On October 30, 2019, two dozen journalists assembled for a press conference at the Norwegian central bank, attracted by a press release issued by one of its divisions, Norges Bank Investment Management (NBIM). The announcement declared that the Government Pension Fund Global (GPFG) had surpassed a market value of 10,000 billion Norwegian kroner or a little in excess of one trillion US dollars. GPFG is the official name for the Norwegian sovereign wealth fund, which derives its capital from taxes levied on the production of oil and gas, and income and dividends generated by the state’s involvement in these activities. Commonly known as the “oil fund,” GPFG has since 2012 consistently ranked as the world’s largest sovereign wealth fund. It is, moreover, one of the few such funds that operate in a fully functioning democracy.

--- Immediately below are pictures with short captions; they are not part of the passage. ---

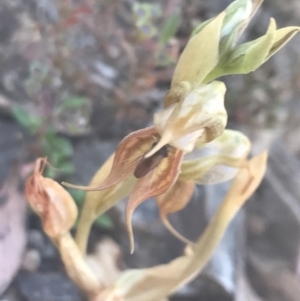 Oligochaetochilus calceolus at Bungonia, NSW - suppressed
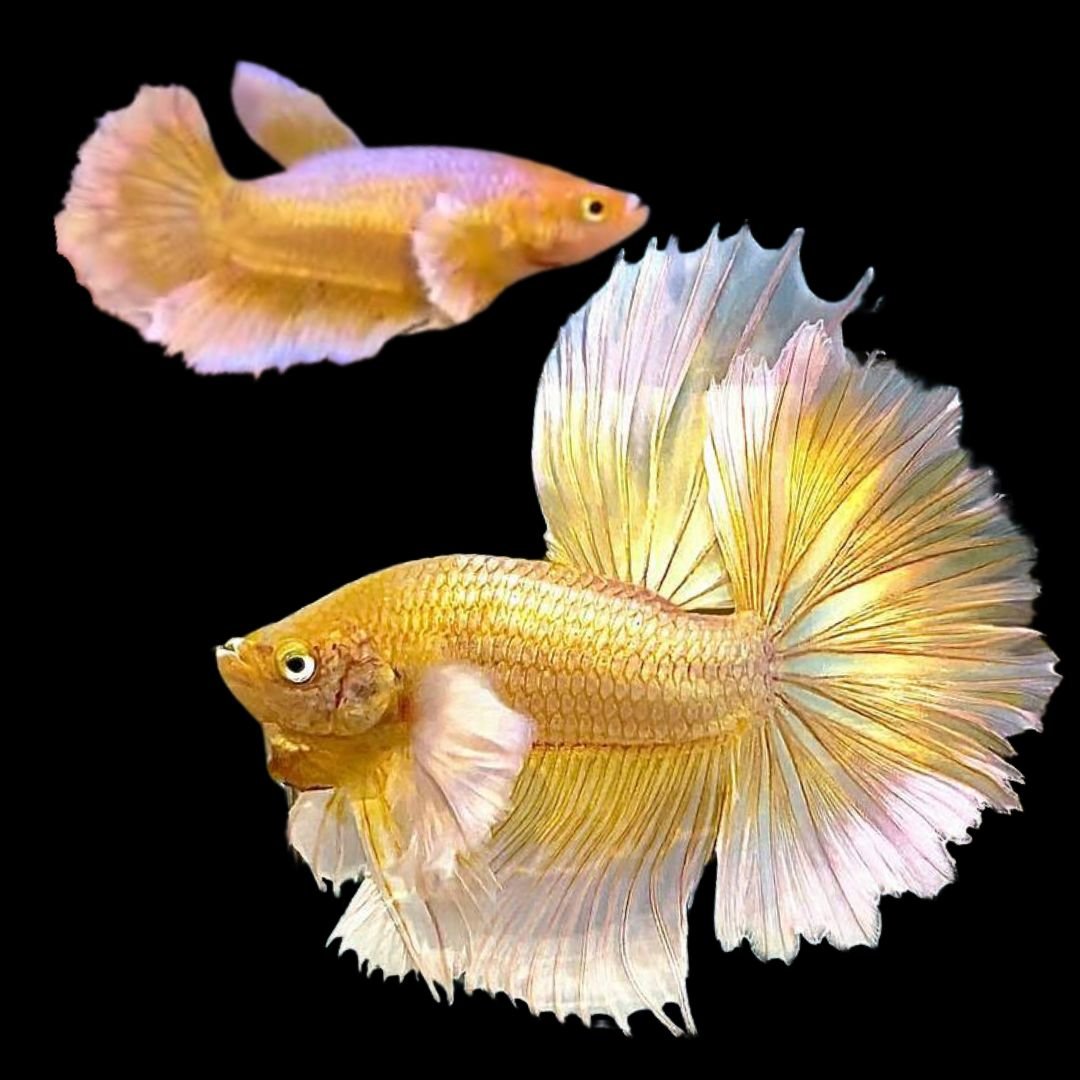 Rare Pair Dumbo Halfmoon Gold Betta Fish (Male & Female)Regular price $99.95 Sale price$79.95 Save $20.00 product photo from Thailand Betta Fish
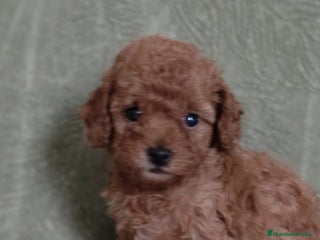 Caniche Toy perros Cachorros caniche toy - Anuncio 2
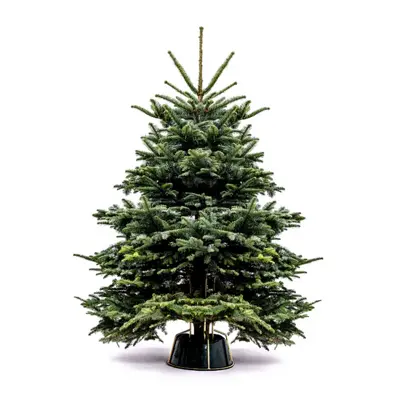 6FT Noble Christmas Tree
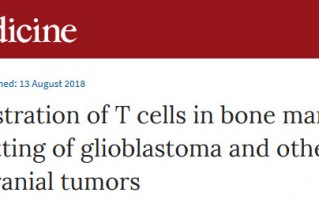 《自然》子刊：癌细胞竟能将T细胞“囚禁”在骨髓，难怪癌症患者的T细胞那么少？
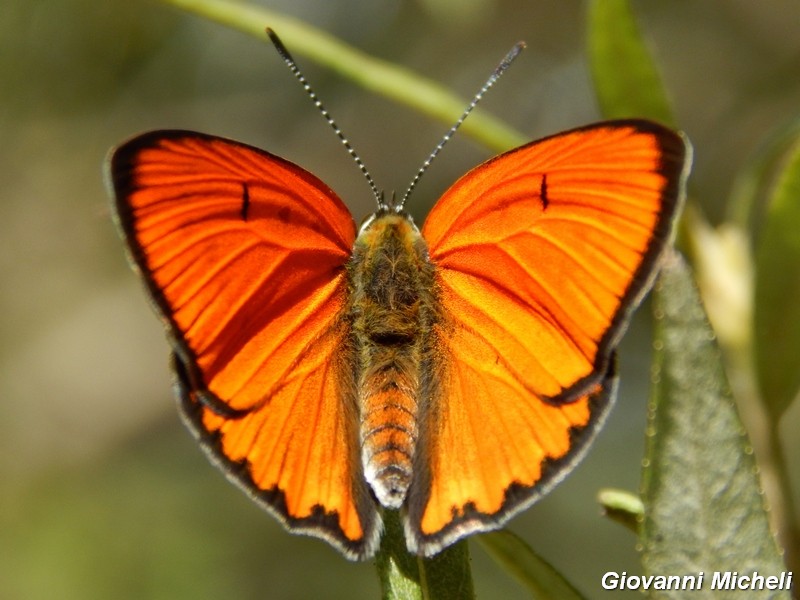 Lycaena.....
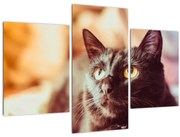 Obraz čiernej mačky (90x60 cm)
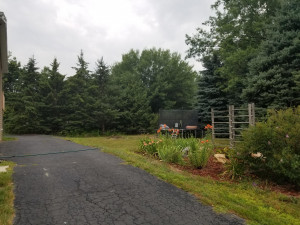 Photo for 505 21st Street NE, Austin, MN 55912 - Listing #6068065 505 21st Street NE, Austin, MN 55912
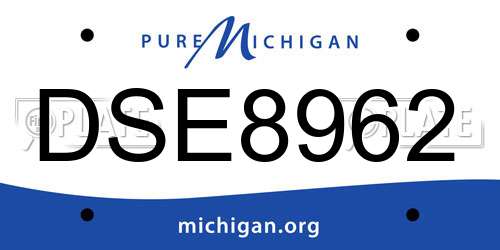 DSE8962 Michigan License Plate
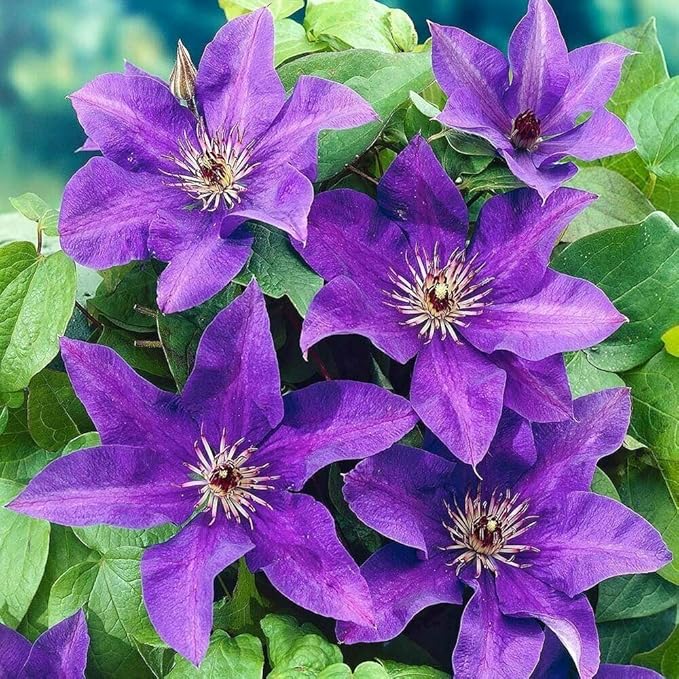50 Dark Purple Clematis Seeds Bloom Climbing Non-GMO, Heirloom Seeds Perennial Flower Seeds Garden Flower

Photograph of someone speaking from a podium
Image description: A person with a short beard and shaved head wearing a black suit jacket with a red tie stands behind a podium and appears to be in the middle of a speech.
Caption: Chief Executive Officer Yngve Slyngstad of Norges Bank Investment Management briefs the press on October 30, 2019. Kjetil Malkenes Hovland/E24

Coincidentally, GPFG reached its milestone 50 years to the day after then-Phillips Petroleum first discovered oil in the Norwegian sector of the North Sea. With almost prescient timing, the fund passed the 10,000-billion kroner mark only minutes before the Norwegian Petroleum Museum opened an exhibition to celebrate the anniversary and declare the Ekofisk offshore oil field for industrial heritage. Five decades on, Ekofisk still produces and ranks as the world’s largest oil field of its kind.

At the press conference, NBIM’s Chief Executive Officer Yngve Slyngstad stated: “For me, this is a historic day, and I hope that all of us who are co-owners of the fund pause and reflect on its size and the responsibility it entails, and the humility with which we who work at the fund approach this task.”

But why is this milestone so remarkable and why should we anthropologists take note? I maintain the fund merits our attention for two reasons: The first is that GPFG conducts a particular form of finance and plays a pivotal role for the Norwegian nation-state. The second is that we need to pay closer attention to large institutional investors like GPFG, if we are serious about studying globalization. An anthropological perspective on GPFG reveals how such a sovereign wealth fund constitutes multiple and wide-ranging social relations that amount to an expansive and intergenerational social contract.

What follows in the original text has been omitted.